The minimum fields every journal entry should include
Start with fields that support review quality. If a field will not help you improve a future decision, keep it optional.
| Category | What to record | Why it matters |
|---|---|---|
| Position details | Ticker, strategy, strike, expiry, contracts, entry date | Lets you segment results by setup and instrument. |
| Execution context | Entry price, commissions/fees, order type, fill notes | Separates idea quality from execution quality. |
| Risk plan | Defined risk, max loss assumption, sizing logic, exit plan | Makes risk discipline reviewable after the trade. |
| Thesis | Why you entered, what would confirm/invalidate the trade | Prevents hindsight bias during review. |
| Outcome | Exit date, exit price, result, notes on deviations | Ties process to outcomes without hiding mistakes. |
Track decisions in a review cadence, not just one-off entries
A journal becomes more valuable when it supports recurring review. Use a weekly review to look for repeated mistakes, strong setups, and process drift.

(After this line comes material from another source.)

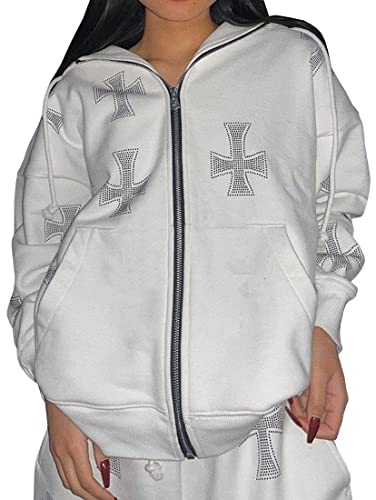 MEDUOLA Damen Kapuzenpullover Punk Sport Hip Hop Jogger Pullover 90er Jahre Streetwear Reißverschlussjacke XL,Bianco von MEDUOLA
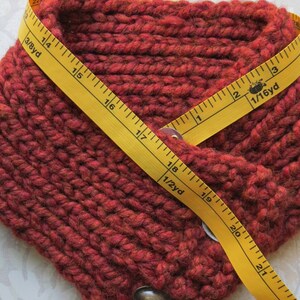 Hand Knitted Buttoned Neck Warmer in Rust Item KNW21604 image 5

Use the weekly review checklist alongside this page so your journal data turns into action items.
Common journaling mistakes to avoid
- Recording only P&L and omitting thesis or risk assumptions.
- Using inconsistent tag names, which makes filtering unreliable.
- Writing notes after the trade closes, which introduces hindsight bias.
- Skipping losing trades because they are uncomfortable to review.
Next guides
Once your journal fields are defined, move to how to track options trades consistently and then add structure with tags and notes.
FAQ
Do I need a long note for every trade?
No. A short, consistent note with entry thesis, risk trigger, and exit condition is usually better than a long note written inconsistently.
Should I track greeks and fundamentals for every trade?
Track the metrics that are relevant to your process. The goal is repeatable review, not maximum data collection.